Customer Service is Dead. Communicate Well to Revive It.

March 9, 2010 at 3:22 pm 1 comment

Full Disclosure: If you don’t like blogs as complaint delivery vehicles, you won’t like the beginning of this one. But I’m hoping we can start a conversation because of it. Miracles have happened in just such a way. Here goes.

I don’t “shop” much. When I’m in a store, it is a purposeful event (bicycle stores, ski shops and Hollywood’s Amoeba Records excluded). I go to purchase a product or service. Yes, I am often a victim of the “upsell” process, but I generally buy what I need, when I need it. And, most importantly, I will frequent stores that serve me well and at a fair price.

Make a personal connection and communicate to create a Customer Service miracle.

After a few recent spending trips (they’re not shopping trips for me, remember), I will now be shopping – for a new place to get my oil changed, for one thing. Customer service is dead, I didn’t watch it die, but I have seen the rotting corpse. And it amazes me that it would die now, when business owners should be doing everything possible to retain existing customers and attract new ones.

And I think I know how Customer Service died. It was left unfed or without personal attention. It would be like if I left my dog alone for days or weeks. First, it would likely turn angry, then it would simply perish. That’s what happened to Customer Service. Through personnel cuts or budget re-allocations or re-aligned management priorities, the one service that is often most valuable is no longer stocked at many stores.

Other products are there. Jewelry is in cases. Food is on store shelves. Mechanical services are provided. But personal communication and care, attention to customers’ needs, and personal service is gone. Left to Facebook and Twitter? Maybe. But like a recent story in The Miami Herald reports, social media often acts only as a “Band-Aid” to much more serious problems.

Hold on, there is a sign of life. It may be possible to revive Customer Service, and to save humanity in the process. After one of my recent encounters with the deceased (or near-deceased) I completed an online survey and voiced my remorse for the death. That same day, I received a phone call from a human being. It was a living, breathing human being who worked for this company, and he seemed to care for my needs. That means, of course, he cared for my money. And I’m okay with that. I was so glad he cared.

Through a simple act of personal communication, Customer Service may live to see another day. I’m not going back to that store right away. I bet it still has the stink of death on it. But I am elated in the hope that communication – personal conversations, not just tweets and status updates – can deliver other miracles of life.


Entry filed under: Communications, Personal, Social Media.

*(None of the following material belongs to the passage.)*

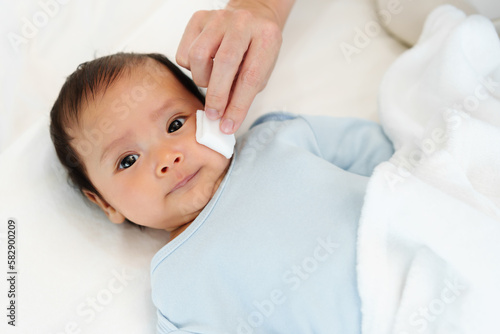 Foto mother cleaning and wiping newborn baby face with cotton pad on bed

Paper or Plastic? – News, I Mean California Approves “The Lie”! Better Communication Options Exist.

1 Comment Add your own

  • 1. Irvine Journal  |  March 9, 2010 at 3:51 pm

    Good blog, Glenn. I think customer satisfaction begins with satisfied employees. Not many employees seem very happy these days. I recently witnessed a total failure of customer service with Jet Blue at Long Beach Airport. First, my daughter’s plane was delayed from SFO for 4 hours. When the plane finally arrived, her luggage (on a nonstop flight!) was lost. While the disinterested Jet Blue employee began filling out a lost luggage report and lamely surmised the lost luggage would probably show up before the morning, my two youngest daughters were playing near a screened-in storage area and spotted the missing bag! The bad-attitude employee paid mild attention and finally walked back to see what the girls had found and there it was! The missing bag! Jet Blue apparently has no online tracking system to show the bag had arrived. The employee never smiled, never admitted a mistake had been made, never apologized.

    We pondered never booking Jet Blue again. A few days later my daughter received an e-mail from Jet Blue awarding her a $25 coupon on her next airfare, and admitted they were giving her the cash as part of their “customer bill of rights.”

    So corporate marketing and customer service gets it, but the front-line Long Beach employees don’t. They don’t even smile anymore. It’s a real downer.